Even this reporter has to be careful. Though I am black American, I am constantly mistaken for a Kikuyu. I have to always wear press credentials (which have been checked by rioters before), and scream that I am American, with my accent, to get people to believe me. I don't even say "asante sana" — "thank you" in Swahili, the national language of Kenya — for fear someone will mistake me as being Kenyan from the "wrong" tribe.
"The political crisis has unleashed historic grievances that will need to be addressed," UN Secretary-General Ban Ki-moon acknowledged on Friday, while lending his hand to the mediation talks being conducted by his predecessor Kofi Annan, in Nairobi.
But so far, addressing those grievances has consisted primarily of leaders of both sides, accusing each other of ethnic cleansing and genocide.
They have agreed to come up with a plan to end the violence within the next two weeks, but there are daily squabbles in the mediation. On Monday, the opposition objected to a statement by Kenya's President Mwai Kibaki, that the opposition should challenge the results of the elections in court, and the government rejected the lead mediator chosen by Annan, because they deemed him as having business dealings with Odinga, a charge both deny.

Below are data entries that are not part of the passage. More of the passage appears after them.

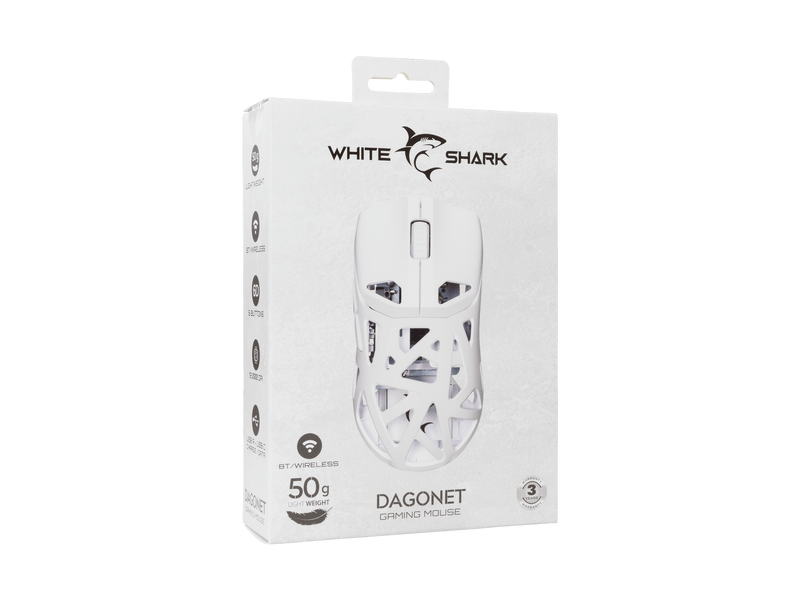White Shark Dagonet Gaming egér, fehér (W030202)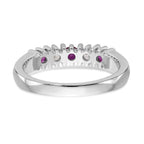 14k White Gold 1/5 carat Diamond and Ruby Complete Band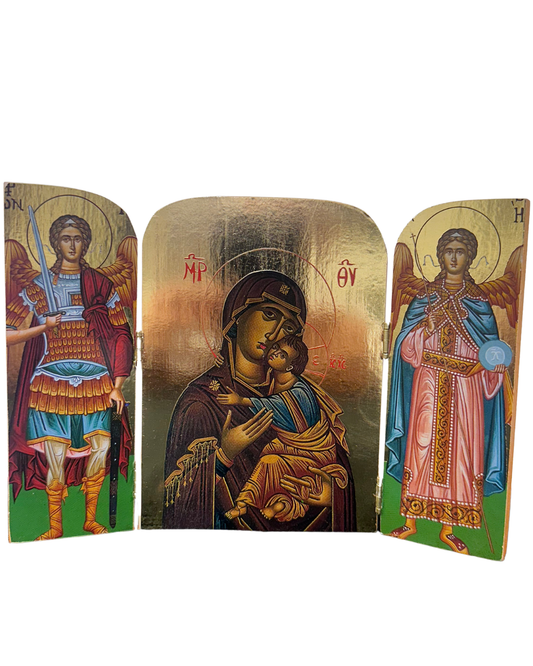 Greek Icon St. Mary Triptych style 4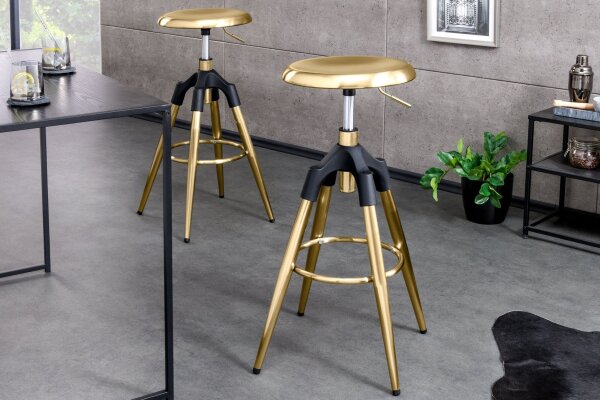 Tabouret de bar réglable en hauteur métal doré noir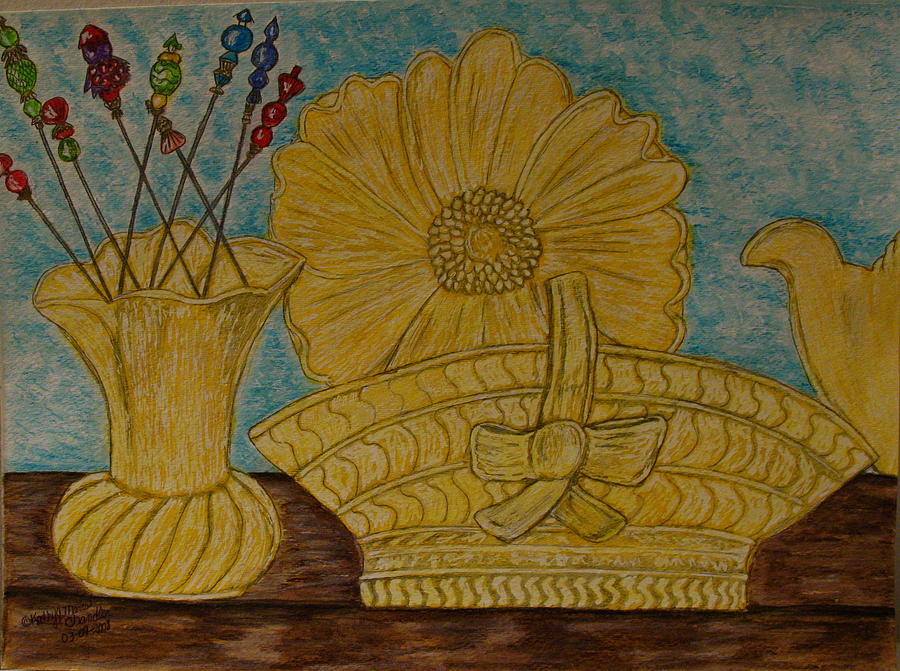 Stangl Pottery Satin Yellow Pattern and Vintage Hat Pins Painting by Kathy Marrs Chandler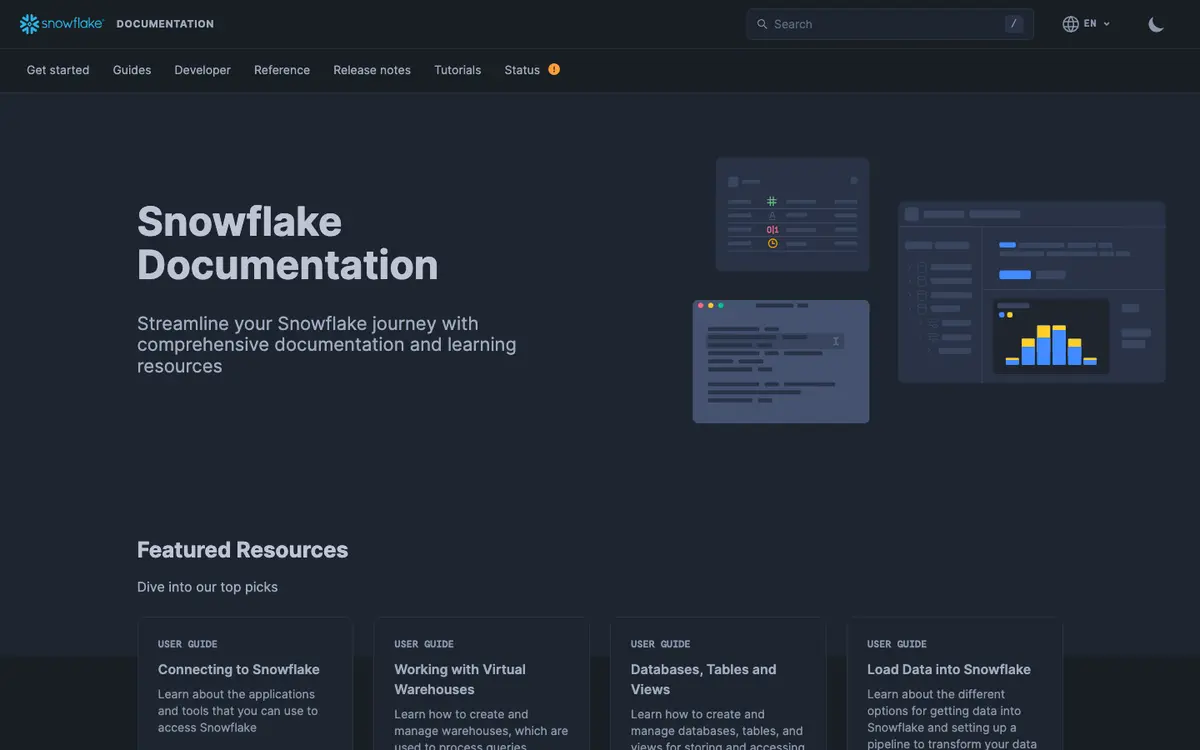 Snowflake docs screenshot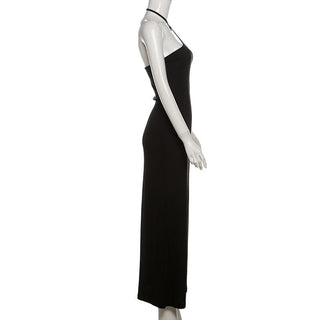 Halter Hollow out irregular solid cut out maxi dress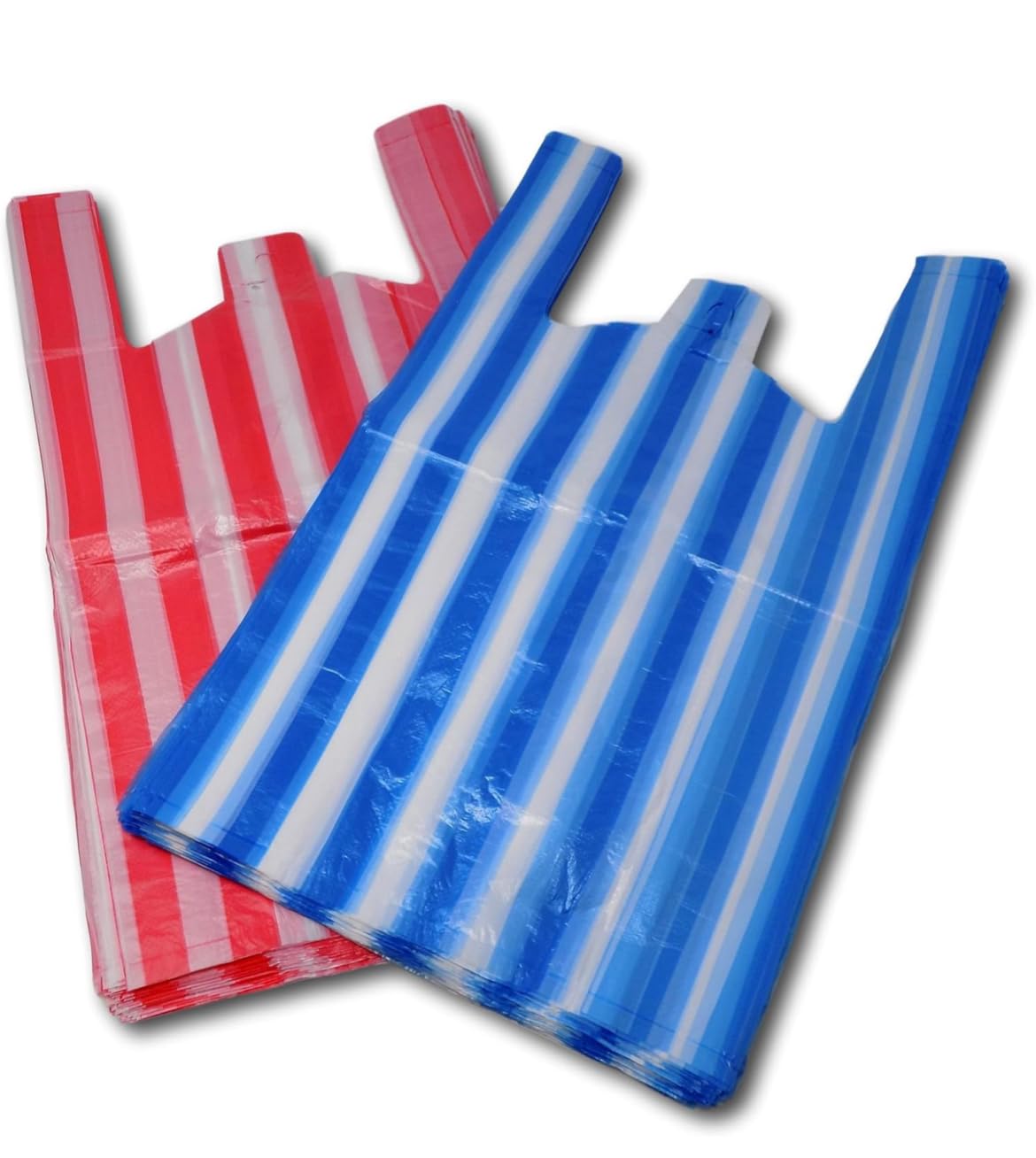 Efforias 100 Blue & 100 Red Medium (10 X 15 X 18) Candy Stripe Plastic Vest Carrier Shopping Bags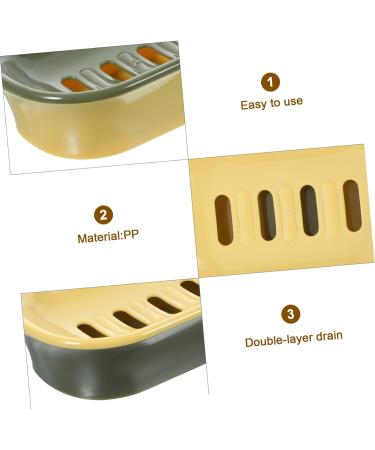 Ciieeo 2pcs Soap Box Sink Sponge Holder Self Draining Soap Holder Soap Plate Dish Sink Soap Rack Camping Soap Holder Plastic Soap Case Bar Soap Holder Soap Dish Double Layer Travel Pp - Buy Online on GoSupps.com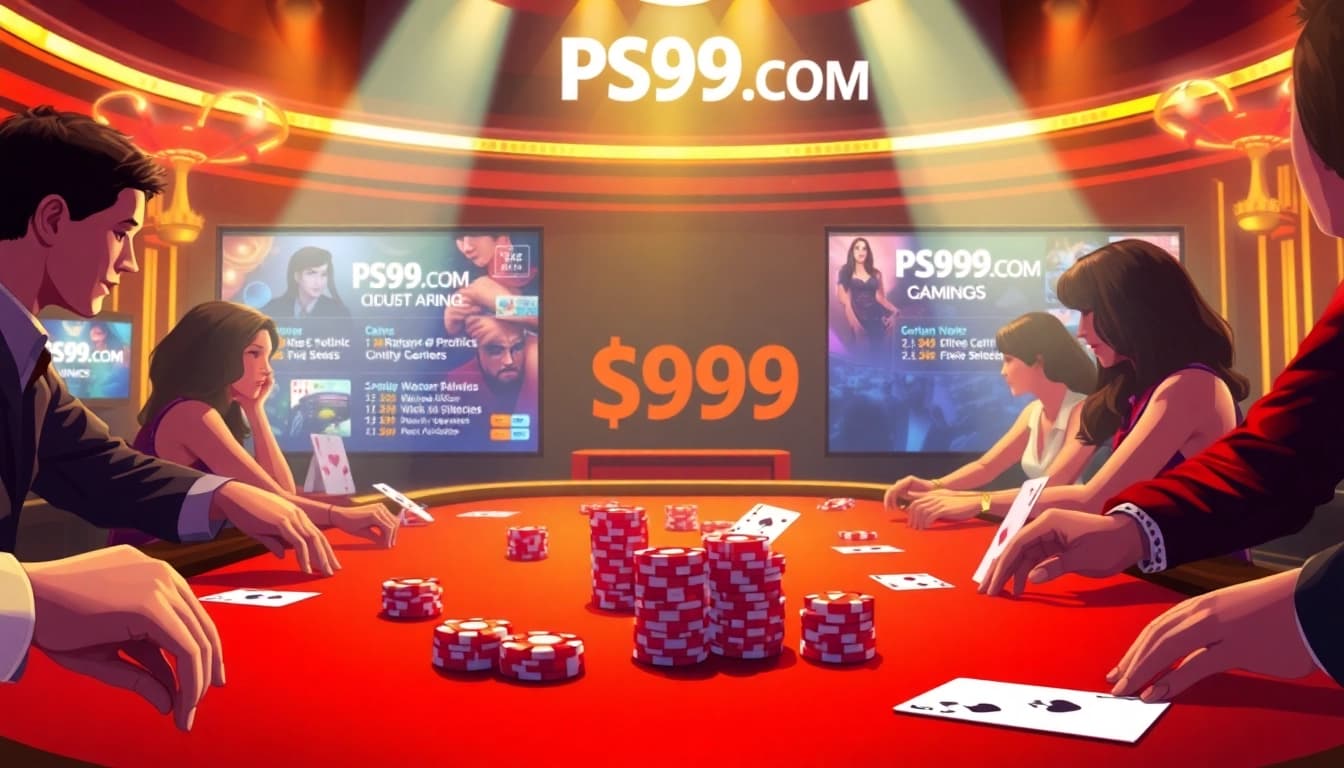 Experience the thrill of gaming at PS99 COM with a vibrant casino scene featuring poker tables.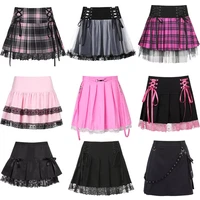 e girl gothic lace mini pleated skirt women punk y2k aesthetic high waist a line short skirt 90s vintage harajuku streetwear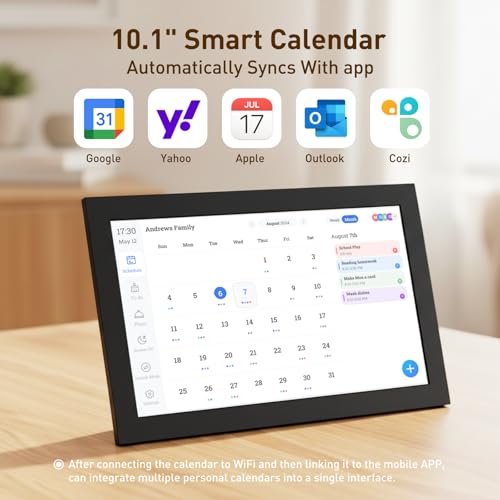 10,1 pulgadas Calendario digital, electrónico calendario con pantalla táctil, agenda digital, planificador familiar inteligente para la organización del hogar y la planificación diaria (Negro)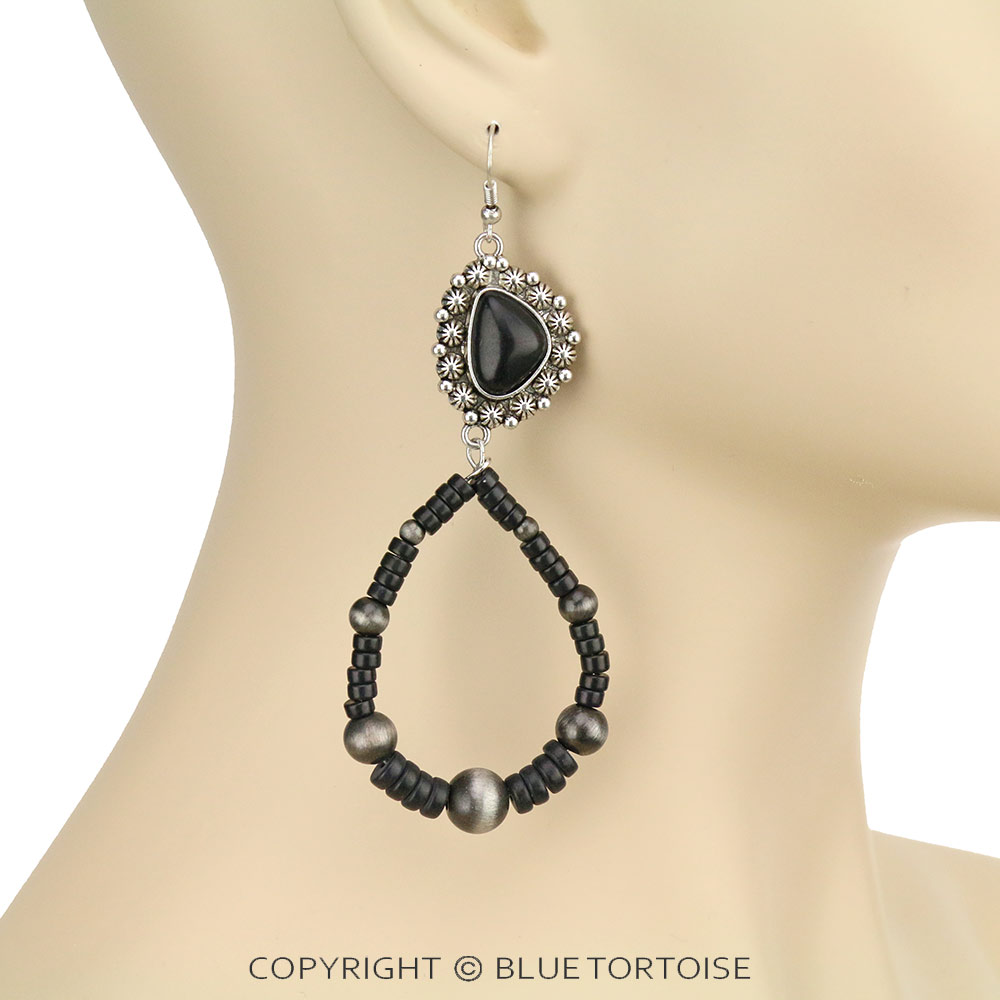 Western Stone with Beads Dangle Earrings - Image 2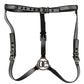 Dolce & Gabbana Black Leather Rhinestones Embellished Men Suspender
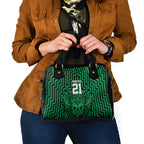 Custom Basketball New Zealand Shoulder Handbag Green Maori Ta Moko Indigenous - Aussie Hoodie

And while they continue mediation, hundreds of thousands of Kenyans have lost their homes, their possessions, and some, their lives. As Nancy Wanjeri, a displaced Kikuyu, whose husband was savagely attacked by her neighbors before their home was burned down, said, she wishes all Kenyans could see this as a political problem, instead of by tribe.
Wanjeri and her family were from the Mathare slum, living as poor as the Luo neighbors who attacked them. "I am not Kibaki, I don't even know Kibaki," she said in frustration. "You don't know Raila. Why are you fighting me? We're all Kenyan."